And that’s why Schultz declared the Wii the must-have machine for her.
A lifelong gamer, she said she gave up playing video games as the games got increasingly complex and difficult to engage in.
“It became too much of a time commitment,” she said, pointing to the Wii and adding, “I like this type of gaming where you can just hop on and go.”
The Wii’s innovative new controls — the Wii Remote and attachable Nunchuk — were a large part of what seemed to put the fun factor into the gaming experience for our guest players.
The Wii Remote looks and feels like a small TV remote. The attachable Nunchuk is shaped like small hand grip. Both have three-axis motion sensitivity which means that when you play a game like “Excite Truck,” you hold the controller like a steering wheel and turn it as if you were actually driving the truck on screen.
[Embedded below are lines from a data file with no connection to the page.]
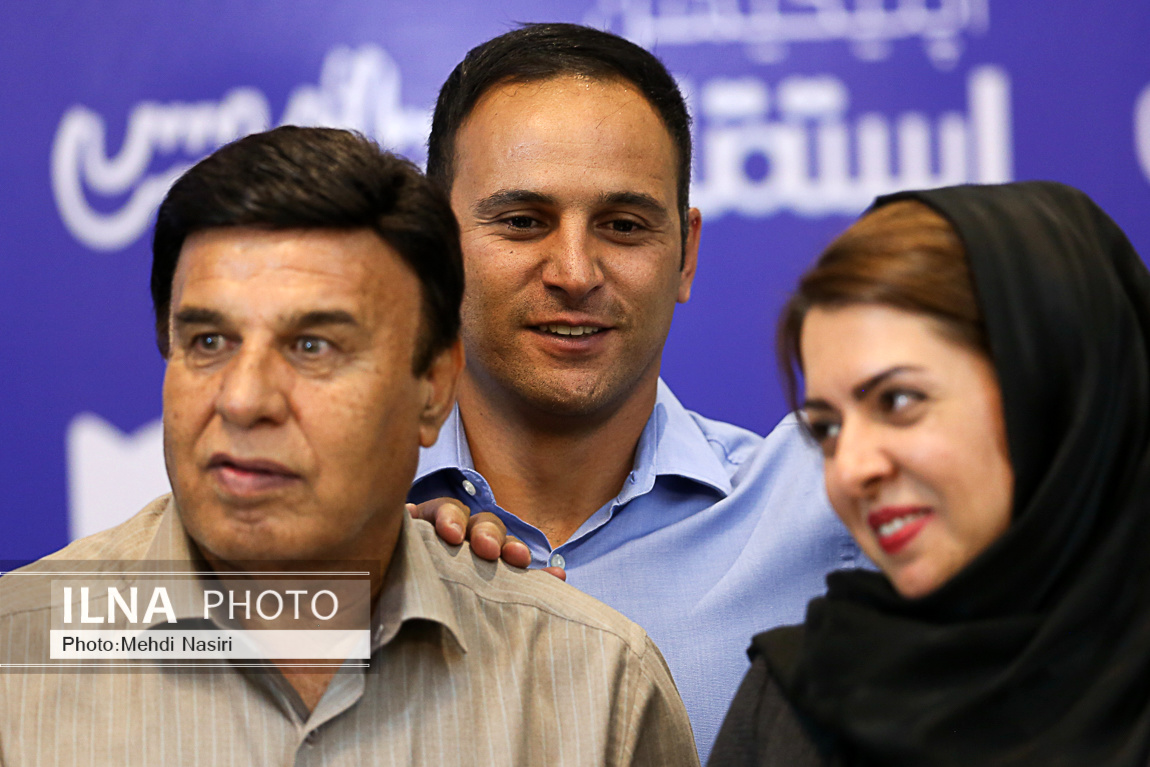 تصاویر: نشست خبری و امضای قراداد ساپینتو سرمربی جدید تیم استقلال تهران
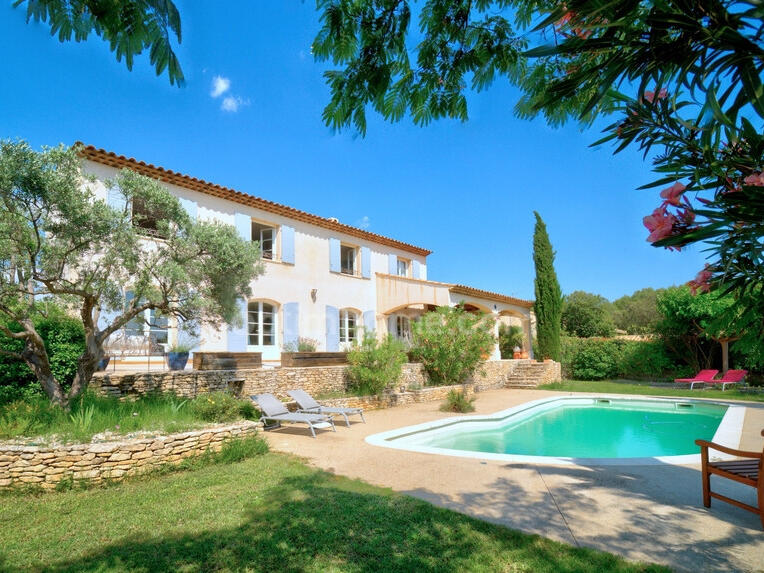 Vente Maison Villelaure - 6 chambres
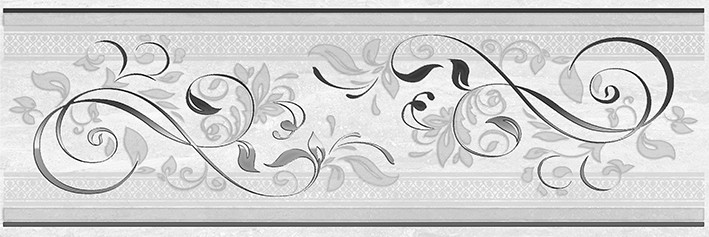 Мармара Ажур Декор серый 17-03-06-659 20×60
“I like that it hums in your hand,” said Steve Eisner, 35, of the Wii Remote, which offers a rumble feature and a speaker for sound feedback.
'It's kind of like a magic wand'
His daughter, Sophia Waters, 7, seemed to find the controller intuitive for even her small hands to use. She jumped right into the “Wii Sports” bowling game, swinging the controller like she would swing her arm if she had a real bowling ball in her hand.
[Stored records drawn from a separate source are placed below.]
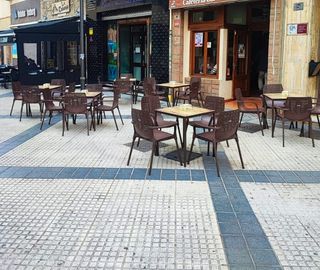 traspaso cafetería en funcionamiento 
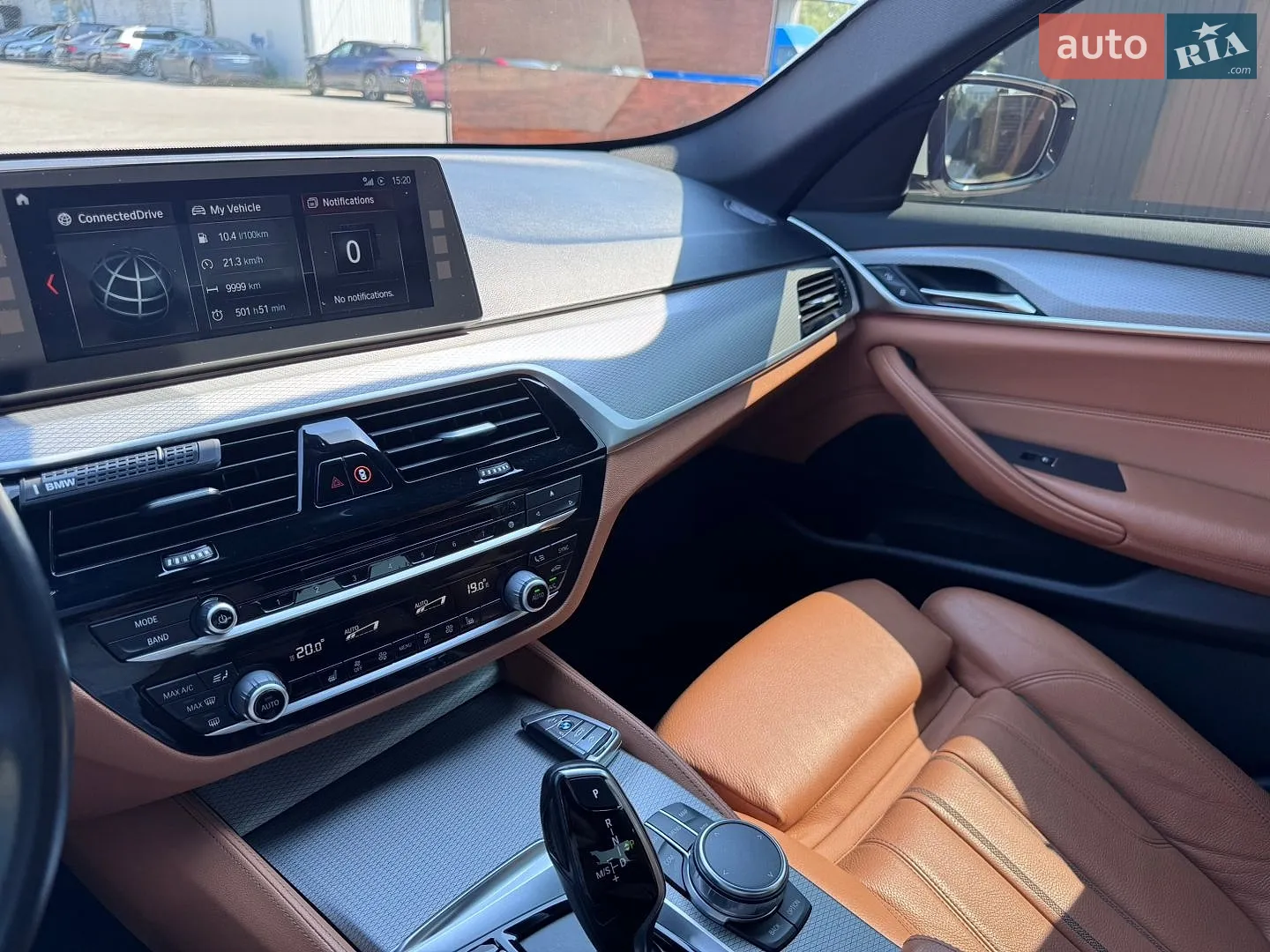2017 BMW 5er - мініатюра 15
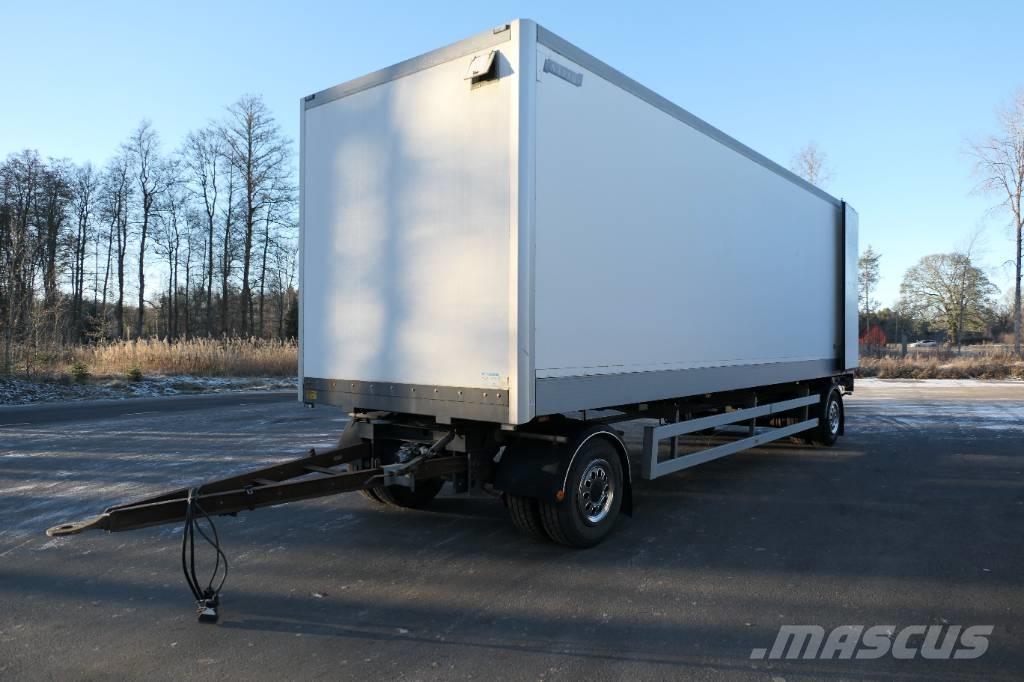 Närko D2yw13l12 Van Body Trailers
“It’s kind of like a magic wand,” she said.
But it isn’t just kids and casual gamers who were impressed.
With the PS3 and the Wii each hooked up in neighboring rooms, we found the PS3 sitting all alone at several points during the evening (hooked up to a giant high definition TV no less) while all the gamers gathered around the Wii and played together.
Schachtell, a longtime hardcore gamer, envisioned having people over to his house for a party and watching them jump onto the Wii as part of the social experience.
“It looks so different, right off the bat people are going to want to play it,” he said after running through several rounds of “Wii Sports” tennis with three of his fellow guest gamers. “This is active. And there’s more of a conversation around these games.”
Indeed, as the four players lobbed the ball back and forth to each other – Wii controllers swinging every direction – the room turned into a rollicking, smack-talking playground.